O resultado do trabalho vai balizar, conforme informações de técnicos da OAB envolvidos na parceria, o chamado Plano Nacional de Integração da Inteligência Artificial na Advocacia (PNIAA). Também servirá para fundamentar a criação de diretrizes nacionais para “o uso ético, seguro e responsável da tecnologia na profissão”.
Metodologia internacional
A pesquisa utiliza uma metodologia científica reconhecida internacionalmente e será dividida em duas etapas principais. A primeira, voltada para a coleta de dados por meio do envio de um questionário eletrônico via e-mails para advogados e advogadas de todas as regiões do país, cadastrados na Ordem.

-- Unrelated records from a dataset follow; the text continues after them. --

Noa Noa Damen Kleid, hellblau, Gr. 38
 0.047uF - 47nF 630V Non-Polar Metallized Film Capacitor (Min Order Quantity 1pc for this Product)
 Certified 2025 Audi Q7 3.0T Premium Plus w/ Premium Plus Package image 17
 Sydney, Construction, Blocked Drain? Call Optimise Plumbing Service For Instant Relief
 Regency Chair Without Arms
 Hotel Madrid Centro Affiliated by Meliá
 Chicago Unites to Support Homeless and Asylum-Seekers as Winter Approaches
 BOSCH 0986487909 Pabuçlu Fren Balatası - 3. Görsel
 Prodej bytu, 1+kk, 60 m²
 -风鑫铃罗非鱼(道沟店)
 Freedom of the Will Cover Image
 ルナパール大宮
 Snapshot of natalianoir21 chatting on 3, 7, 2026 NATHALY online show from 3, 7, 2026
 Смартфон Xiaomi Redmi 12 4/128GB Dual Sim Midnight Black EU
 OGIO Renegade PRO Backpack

Já na segunda etapa, parte dos participantes será convidada para uma deliberação nacional online onde discutirão o tema com especialistas brasileiros e estrangeiros, utilizando a metodologia do laboratório de Stanford.
Caráter acadêmico e global
Os profissionais selecionados e que participarem da etapa de deliberação receberão um certificado internacional emitido pela universidade estadunidense, reforçando o caráter acadêmico e global da iniciativa.
Segundo informações da OAB, com esse projeto, a Ordem busca “subsidiar a formulação de políticas públicas institucionais voltadas à transformação digital, fortalecer a governança institucional e a inovação no setor jurídico, e conciliar o avanço tecnológico com a defesa das prerrogativas profissionais, a ética e a segurança jurídica”.